Tuesday, February 18, 2014

Tuesday Morning Links

This and that for your Tuesday reading.

- Ian Welsh writes about the concentration of wealth and economic control:
Money is permission: you can’t do squat in a market economy without it.  Those who can create it, or who have excessive profits, control what other people can do.

It is for this reason that Jefferson said that banks were more dangerous to democracy than even standing armies.

Money making and differential profits lead to differential power. Over time, if your rate of return is higher than everyone else’s you will gain so much more money than them that you can buy them out, or out-bid them.  The first thing you will do, if you have any sense, is take control of government, because government, which controls the rules of the game (legislation) and violence, is the only other power which can destroy you.  Once they are under control (and the bailouts proved Western governments are under the control of financial institutions), the only remaining threats are your own ability to drive yourself off a cliff, and the very small chance of revolution, which is likely to happen only after you’ve destroyed yourself in any case.
- Emily Atkin reports on another environmental disaster caused by fracking - this time a blowout and spill in North Dakota. Rachel Maddow looks at the West Virginia chemical spill as an example of how the corporate sector will happily use its privileged access to set up inexplicable loopholes even in the wake of a highly visible public safety disaster. And George Monbiot likewise observes that massive flooding in the UK can be traced back to the Conservative government's choice to let industry write its own rules:
Almost as soon as it took office, this government appointed a task force to investigate farming rules. Its chairman was the former director general of the National Farmers' Union. Who could have guessed that he would recommend "an entirely new approach to and culture of regulation … Government must trust industry"? The task force's demands, embraced by Paterson, now look as stupid as Gordon Brown's speech to an audience of bankers in 2004: "In budget after budget I want us to do even more to encourage the risk takers."

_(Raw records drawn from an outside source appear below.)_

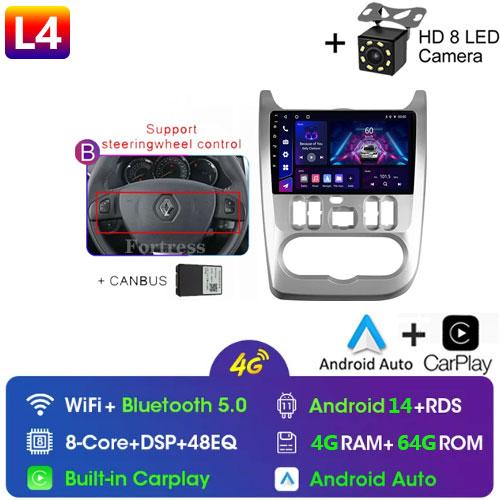 Android 13 2 din Radio Car Multimedia autoradio Pentru Renault Logan 1 Sandero 2009-2015 Dacia Duster Carplay 4G GPS 2din fără DVD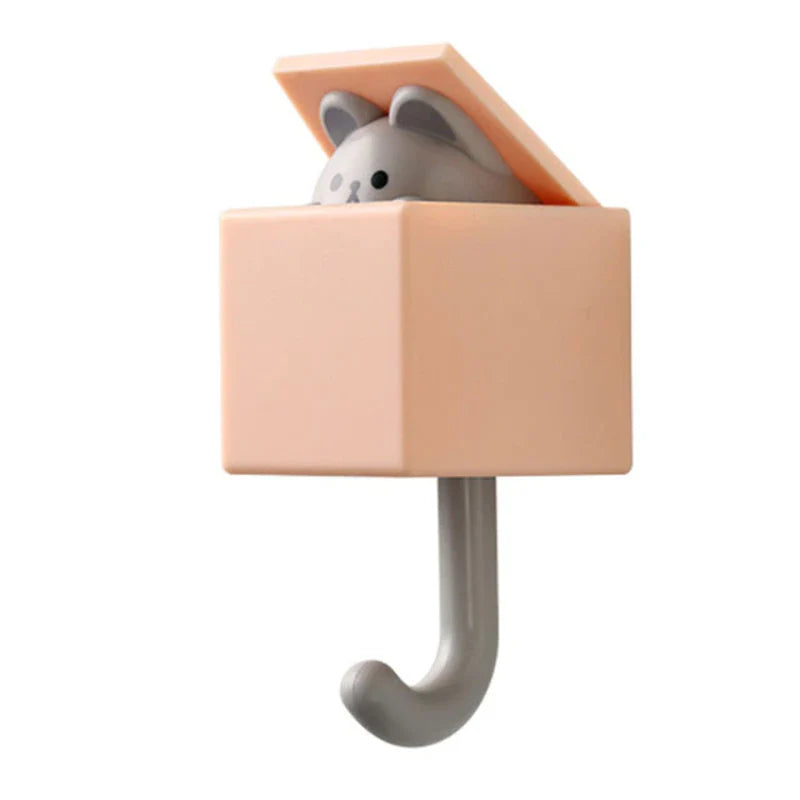 1 PCS Creative Cat Hook Cute Cartoon Animal Cat Mouse Decorative Hook Dormitory Bedroom Door Hangers Hooks Home Wall Decoration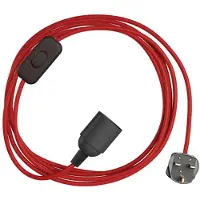 Creative Cables Snakebis E14 Lamp Holder With Cord Rouge 1.8 m / UK Plug 220V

Six weeks before the floods arrived, a scientific journal called Soil Use and Management published a paper warning that disaster was brewing. Surface water run-off in south-west England, where the Somerset Levels are situated, was reaching a critical point. Thanks to a wholesale change in the way the land is cultivated, at 38% of the sites the researchers investigated, the water – instead of percolating into the ground – is now pouring off the fields.
...
The previous government also saw it coming. In 2005 it published a devastating catalogue of the impacts of these changes in land use. As well as the loss of fertility from the land and the poisoning of watercourses, it warned, "increased run-off and sediment deposition can also increase flood hazard in rivers". Maize, it warned, is a particular problem because the soil stays bare before and after the crop is harvested, without the stubble or weeds required to bind it. "Wherever possible," it urged, "avoid growing forage maize on high and very high erosion risk areas."

The Labour government turned this advice into conditions attached to farm subsidies. Ground cover crops should be sown under the maize and the land should be ploughed, then resown with winter cover plants within 10 days of harvesting, to prevent water from sheeting off. So why isn't this happening in Somerset?

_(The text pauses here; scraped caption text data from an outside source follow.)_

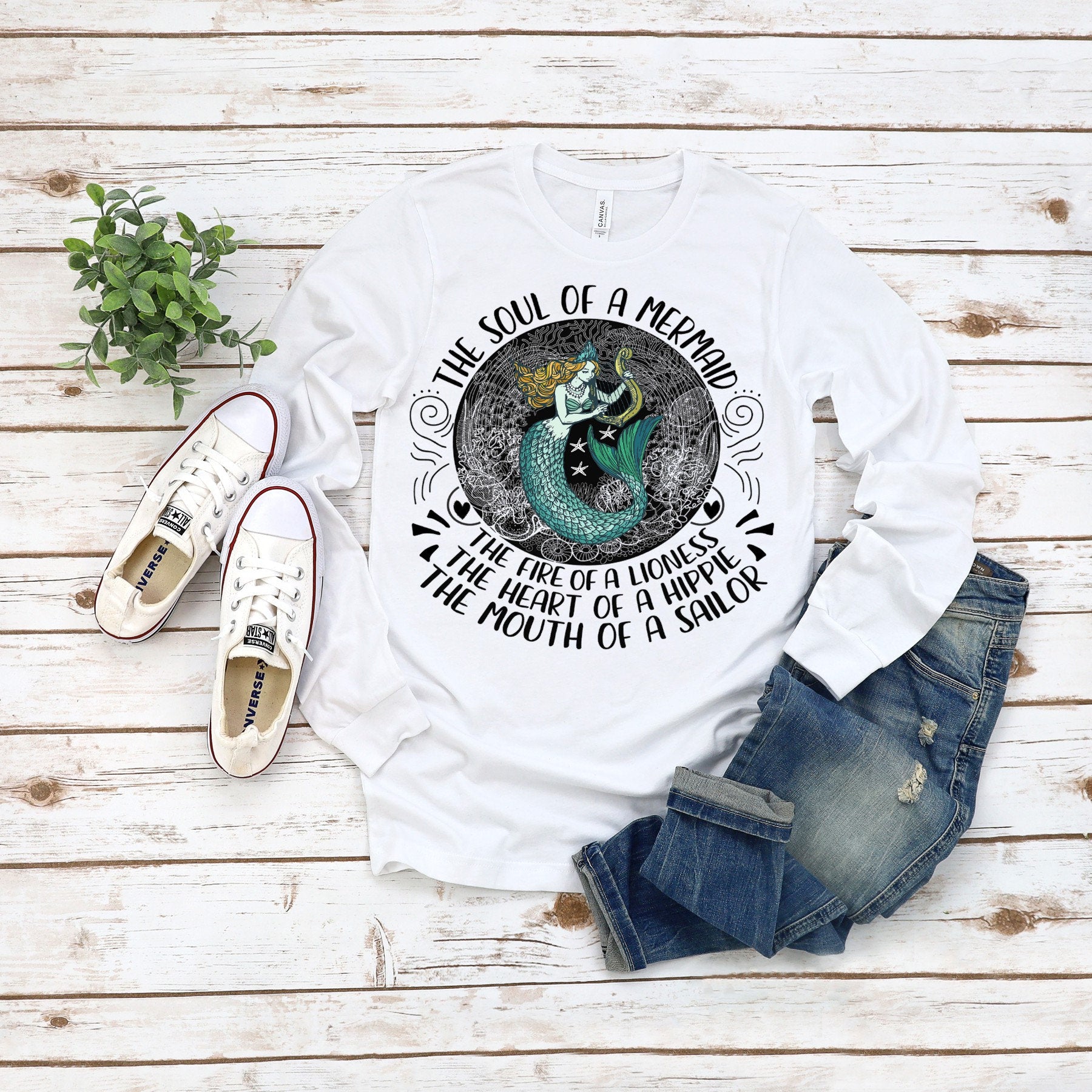 Soul of a Mermaid Long Sleeve Shirt, Hippie Lioness Sailor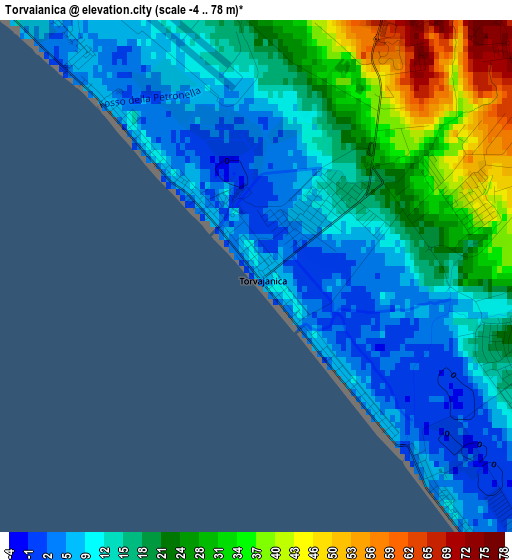 Torvaianica elevation map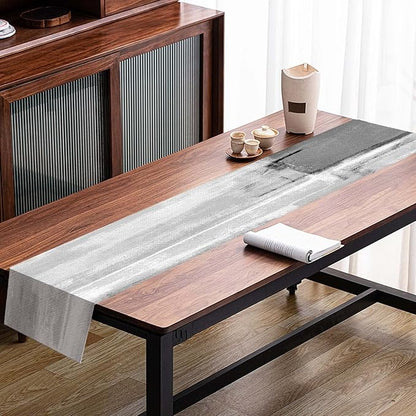 Mcalk Dark Grey Table Runner and Placemats Set of 6 Pieces, Grey Placemat, Cloth Place Mats Indoor for Kitchen, Washable Abstract Placemats Linen Material for Dining Table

Because the current government dropped the conditions. Sorry, not just dropped them. It issued – wait for it – a specific exemption for maize cultivation from all soil conservation measures.

It's hard to get your head round this. The crop which causes most floods and does most damage to soils is the only one which is completely unregulated.
- Meanwhile, Jeff Rubin discusses how the unexplained and apparently unstoppable seepage of bitumen from should raise serious questions for the oil industry and public policy alike. And sadly, there's an obvious parallel to the UK's flooding story - as in situ production is precisely the type of oil extraction which the Cons have declared to be immune from federal environmental assessment.

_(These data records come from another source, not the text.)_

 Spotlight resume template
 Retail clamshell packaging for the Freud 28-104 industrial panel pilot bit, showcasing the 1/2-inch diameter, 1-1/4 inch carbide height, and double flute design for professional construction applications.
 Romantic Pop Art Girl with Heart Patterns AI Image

- Alison points out a few of the obvious abuses the Cons are setting up in their selective elections legislation. And Robyn Benson highlights the unfairness of the Cons' plans.

- Finally, Blacklocks reports that a review of Canada Post showed that it could be far more useful and more profitable if it pursued postal banking. But naturally, the Cons preferred a lose-lose service cut plan than a win-win plan to do more and make money in the process.